UPDATE (16 March, 2017): This also works on macOS Sierra (10.12.3).
UPDATE: This also works on Mac OS X El Capitan (10.11.5).
One of the most popular pages here (well, there is little else) is the page about Platon for Mac OS X.
I mainly use a computer running Ubuntu for crystallography at work so I haven’t had to compile Platon, the essential crystallographic program, for my Mac. I have seen that some people have had problems compiling the program (remember you do need Xquartz, and a compiler for Fortran and C). I compiled platon, but I also had some difficulty doing so, although I have compiled previous versions without a problem. So, if you have a problem compiling using the standard instructions on the platon website, try this, and you should be able to compile it, without sudo, using:
gfortran -o platon platon.f xdrvr.c -I/opt/X11/include -L/opt/X11/lib -lX11
If you don’t use -I/opt/X11/include then it won’t find the X11 libraries that are above /opt/X11/lib.

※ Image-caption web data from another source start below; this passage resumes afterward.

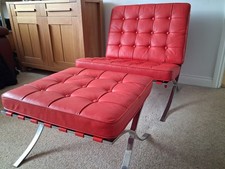 Barcelona chair with - chair,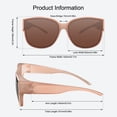 thumbnail image 5 of TINHAO Polarized Sunglasses Over Glasses for Women Men, Fit Over Glasses Sunglasses with Square Oversized UV Protection, 5 of 6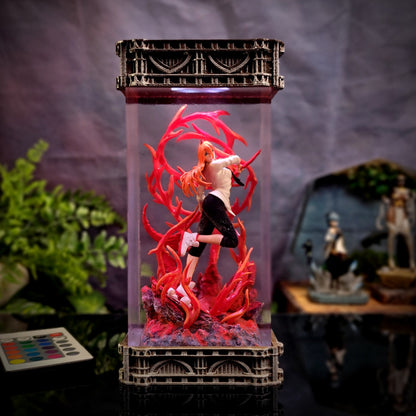 Power Resin Lamp - handmade resin lamp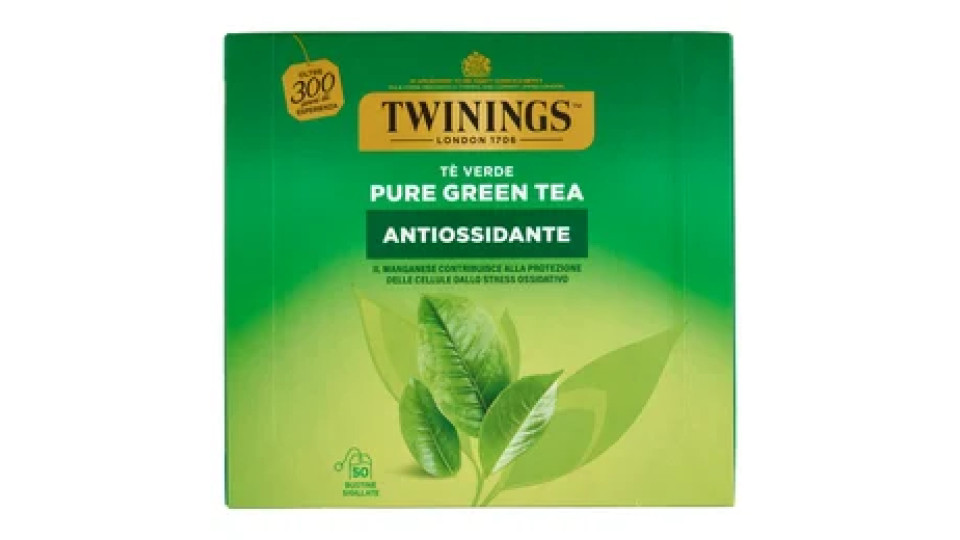 Twinings, Green Tea & Lemon 50 filtri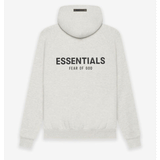 Fog Fear of God Essentials Hoodie Fog Back Stereo Alphabet plus Velvet Hoodie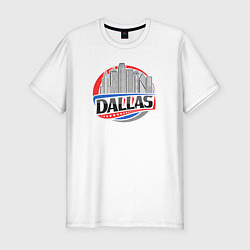Футболка slim-fit Dallas - USA, цвет: белый
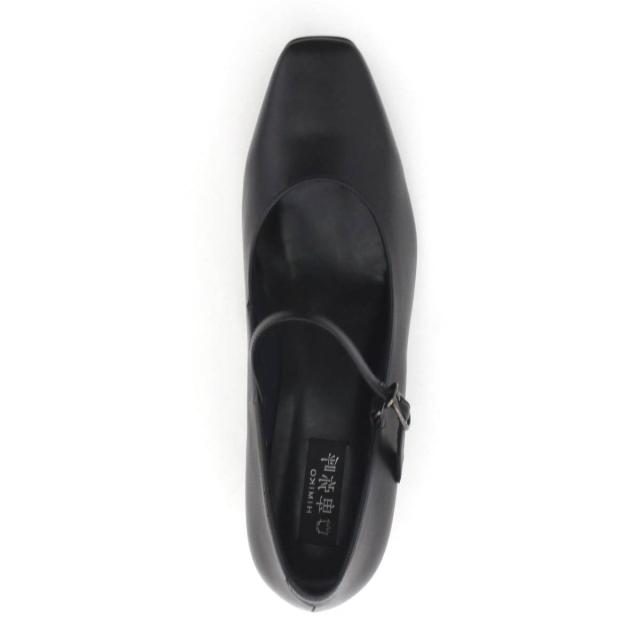 HIMIKO（HIMIKO）/撥水＜3．5cmヒール＞ストラップ付ブラックパンプス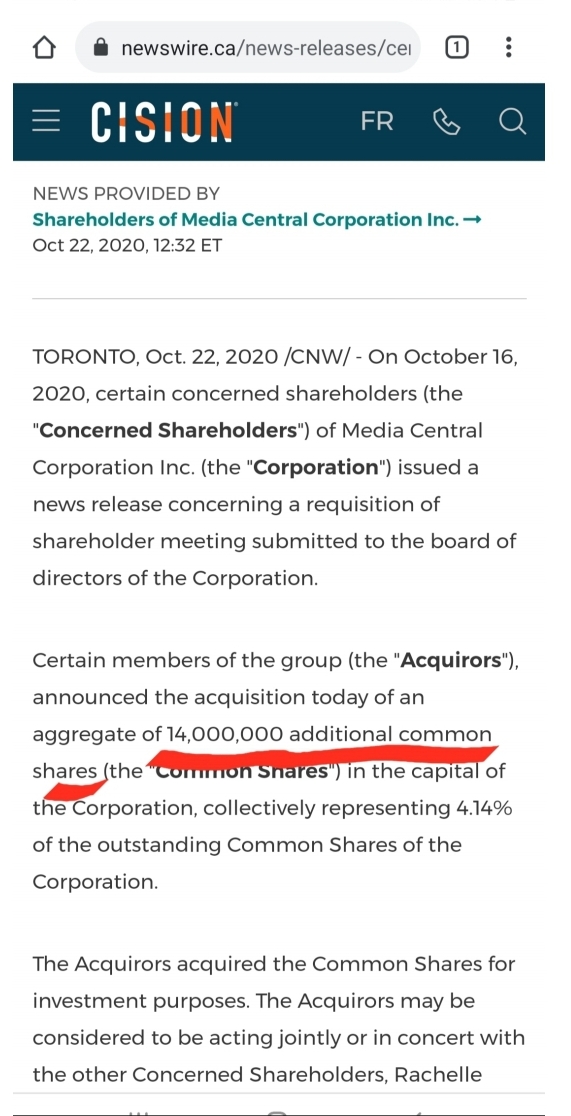 Media Central Corp. Inc.- die Ruhe vor dem Sturm 1208639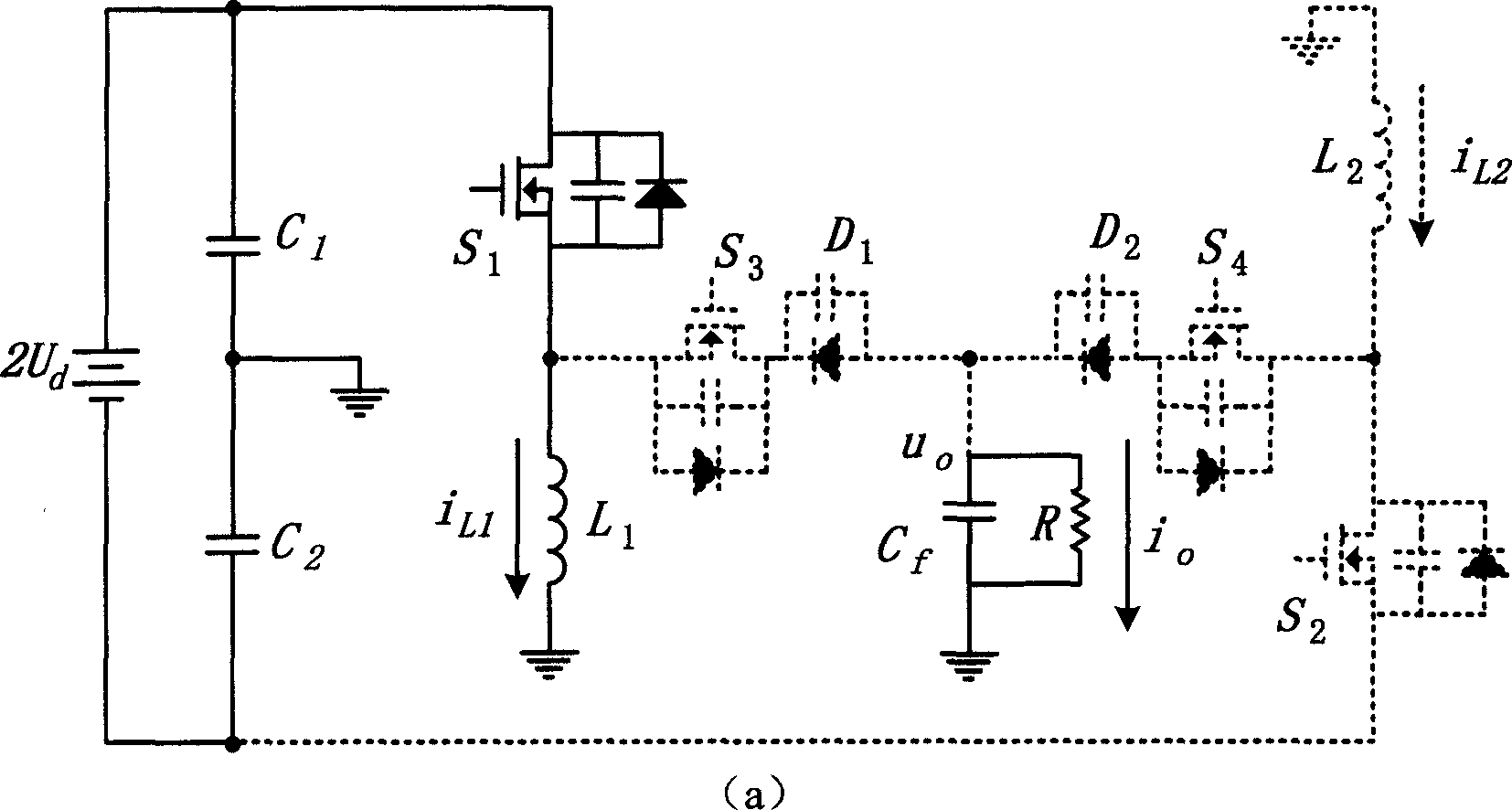 Double step-down inverter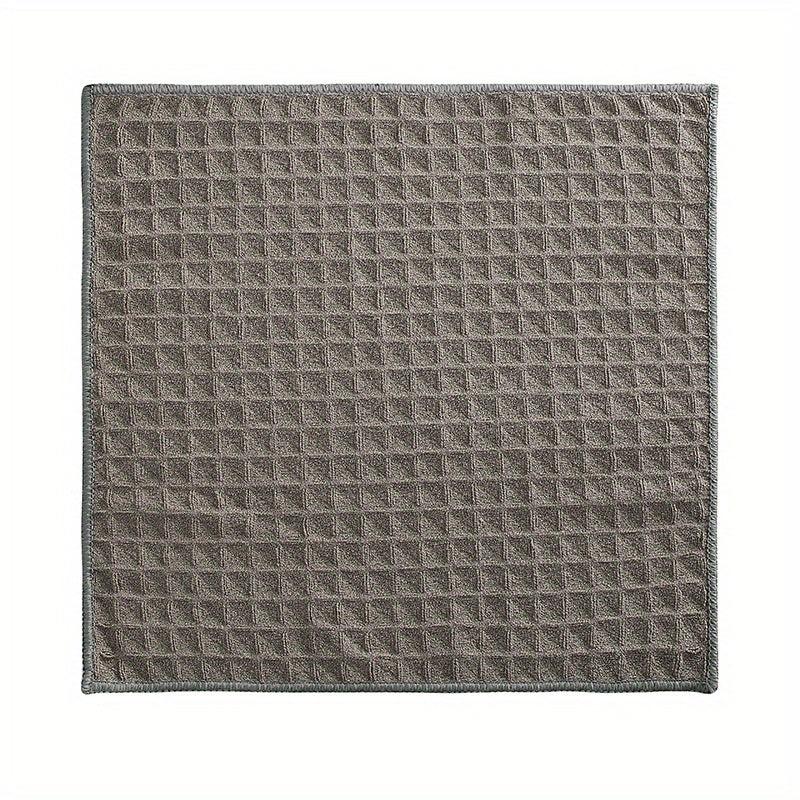 4pcs Waffle Square Plaid Dish Cloths - Soft & Quick Dry Kitchen Cleaning Rags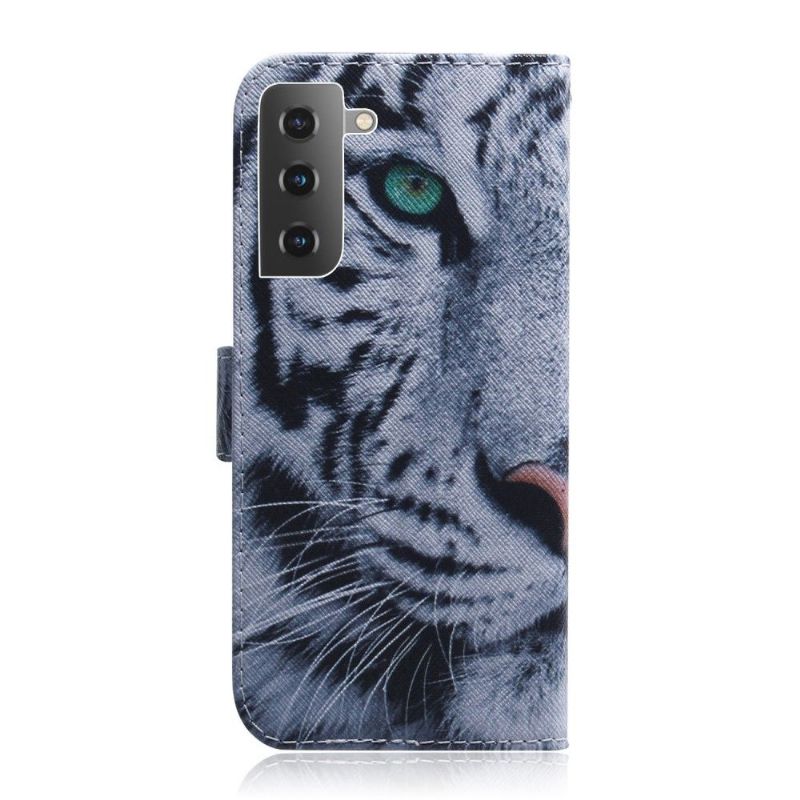 Etui Samsung Galaxy S22 Plus 5G Tigermønsterstøttefunktion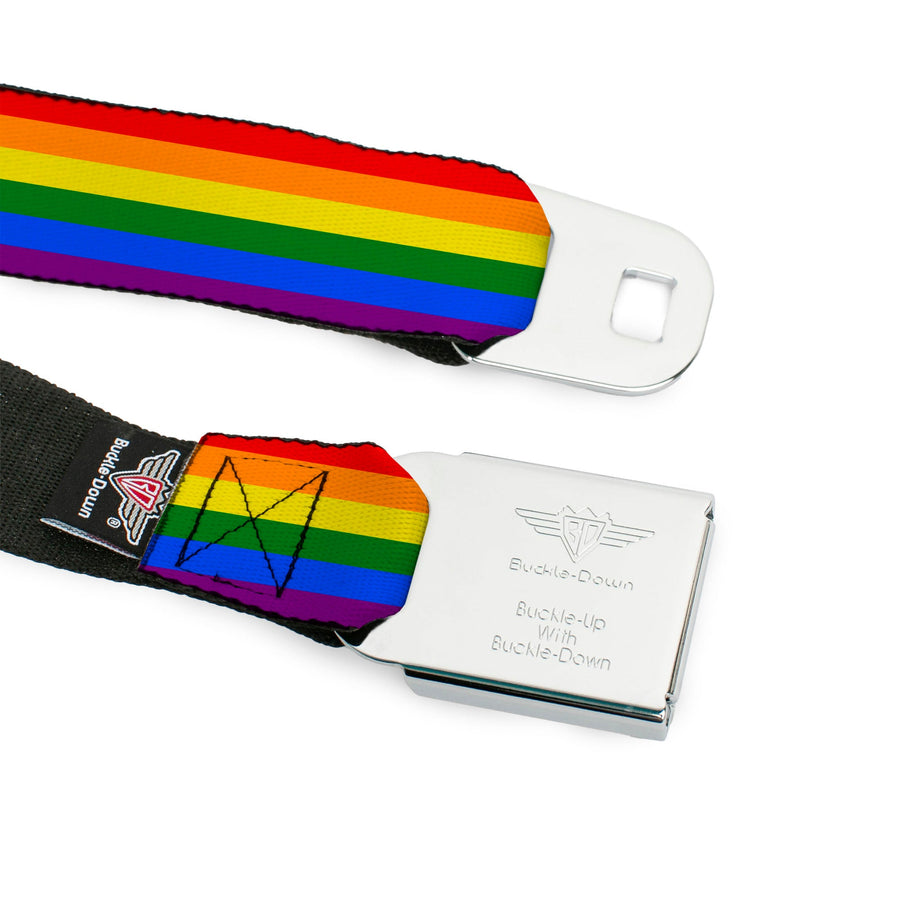 Rainbow LGBTQ+ Pride Flag Seatbelt Belt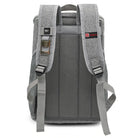 תיק גב צידנית SWISS Snow 30 ליטר, גב רשת ארגונומי עם רצועות מתכווננות, מבט אחורי, אפור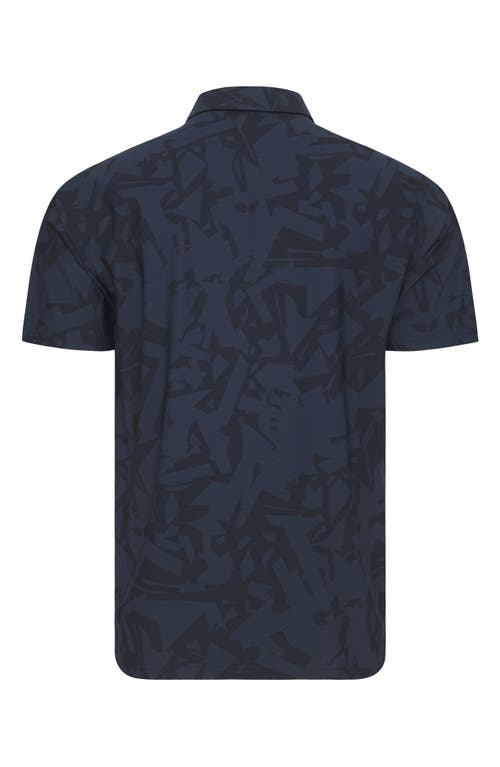 Eastside Golf Snap Placket Performance Golf Polo In Midnight Shatter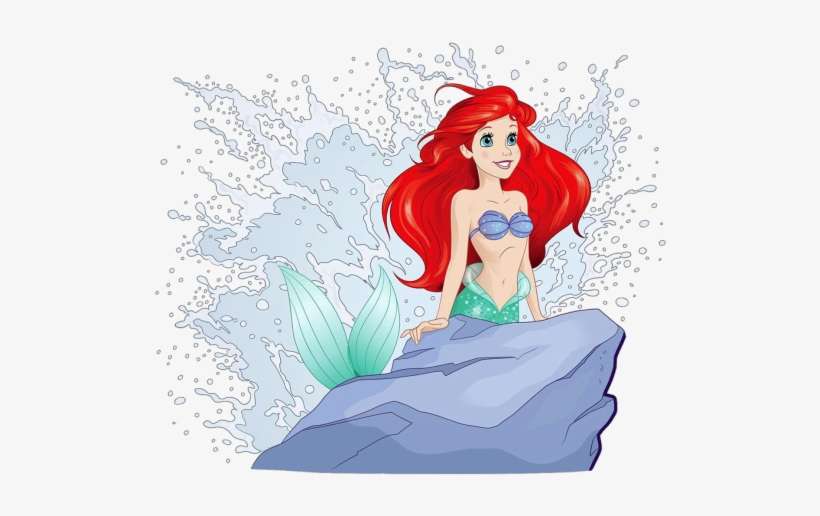 Esto La Llevó Hasta Su Castillo Y Dejó Que Se Quedara - Little Mermaid, transparent png download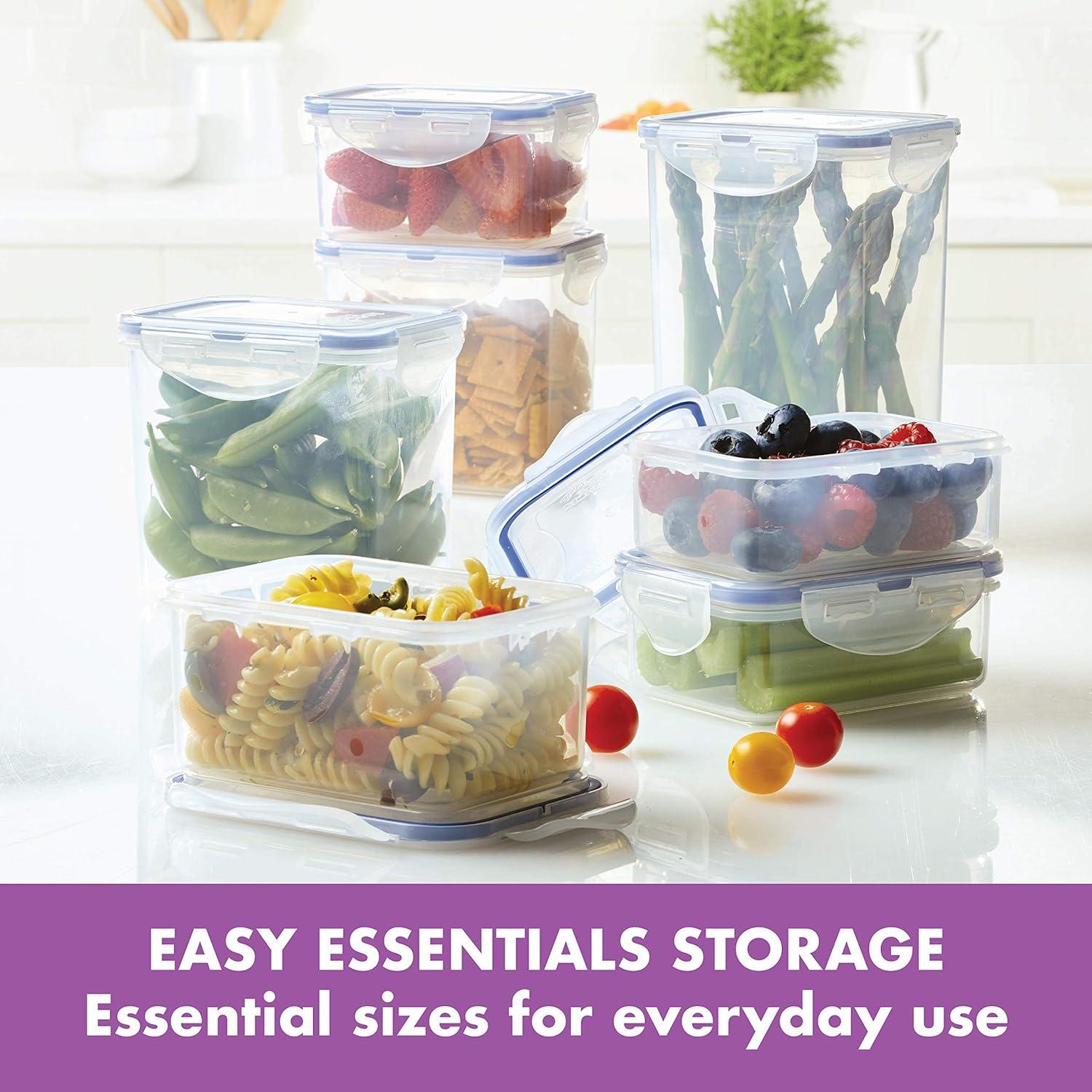 Easy Essentials™ Food Storage - Set of 7 Containers and 7 Lids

Afterwards, copy it into somewhere like sudo cp platon /opt/platon2015
(check that it has run privileges (i.e., ls -g
) and, if not, run chmod u+x platon
). You can then add the folder that contains the executable to your path and add an alias if in you profile script (.bashrc/.bash_profile etc.) e.g., alias platon="/opt/platon2015/platon
“.
You can then run it with, for example, on a shelx res file:
platon file.res
References: A.L.Spek, Acta Cryst. 2009, D65, 148-155.